A judge ruled on Wednesday that the A.C.L.U. had illegally fired an employee, Kate Oh, from her job as senior policy counsel. The group had accused her of using language that was racist and that singled out people of color in the office.
Michael A. Rosas, an administrative law judge, said that the A.C.L.U.’s accusation that she had targeted people of color “is not borne out by the facts.” He noted that her complaints were not about colleagues but superiors within the organization, and that she had also complained about white managers.
Ms. Oh never uttered a racial slur or invoked race, court filings showed. She said that she considered herself a whistle-blower and advocate for other women in the office, drawing attention to an environment she said was rife with sexism and fear. Her frequent, sometimes intemperate, complaints irritated her bosses, she argued, so they retaliated by firing her.
The case placed one of the nation’s leading defenders of workers’ rights under scrutiny for violating the very workplace protections it typically seeks to enforce.

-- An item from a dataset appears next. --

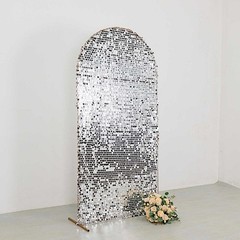 7 ft SILVER Big Payette Sequin Fitted Round Top Wedding Arch STAND COVER Party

The judge ordered the A.C.L.U. to reinstate Ms. Oh, who was fired in May 2022, and to give her back pay.
Ms. Oh said the ruling sent a message that “no one is above the law,” according to a statement she issued through the Nonprofit Professional Employees Union, which represented her. That includes, Ms. Oh added, “powerful management officials claiming to champion civil liberties with their words while illegally doing the opposite with their actions.”
The A.C.L.U. said it planned to appeal and insisted that Ms. Oh had engaged in “abusive behavior toward colleagues of color” and “rank insubordination.”
“Employment at the A.C.L.U. is a privilege,” the organization said in a statement, adding that Ms. Oh had “forfeited that privilege by her discriminatory and unacceptable behavior.”
The ruling stemmed from a complaint Ms. Oh filed with the National Labor Relations Board accusing the A.C.L.U. of violating federal worker protections when it fired her. The N.L.R.B. agreed that Ms. Oh’s complaint had merit and pursued the case on her behalf.
The case essentially revolved around the question of whether Ms. Oh’s complaints against A.C.L.U. managers added up to racism or were just harshly worded and occasionally belligerent criticisms of bosses who happened to be Black.
In one instance, she told a manager that she was “afraid” to talk with him. In another, she said that she had considered a conversation with a superior to be “chastising.” And in a meeting, she repeated a satirical phrase likening her bosses’ behavior to suffering “beatings.”
The final straw leading to Ms. Oh’s termination, according to the A.C.L.U., came when she wrote on social media that she was “physically repulsed” having to work for “incompetent/abusive bosses.”
A.C.L.U. managers and their lawyers argued that the language Ms. Oh used may not have been overtly or intentionally racist, but that it nonetheless caused harm to Black employees. And when their warnings to her went unheeded, the organization said, it was justified in firing her.
This position struck some legal experts as unusual — even hypocritical. The organization, which has a long history of defending the right to free speech even at its most odious and offensive, argued in legal filings for an expansive definition of what constitutes racist or racially coded speech.
In recent years, as the A.C.L.U. adopted a political posture more aligned with liberal and progressive social justice groups, some critics have accused it of veering away from its commitment to free speech and the principle that it might not like what someone says but will defend their right to say it. The organization rejects that criticism, noting its defense of clients like the National Rifle Association in a major First Amendment case.
Judge Rosas noted that while the A.C.L.U. legitimately sought to promote “a work culture free of discrimination, harassment and retaliation,” it also invalidated legitimate workplace concerns Ms. Oh had raised.
Her language may have been harsh and impulsive, the judge found, but it was not sufficient grounds for terminating her. “Oh’s language,” said Judge Rosas, “was typical of heated commentary by employees in many a workplace criticizing their managers or working conditions.”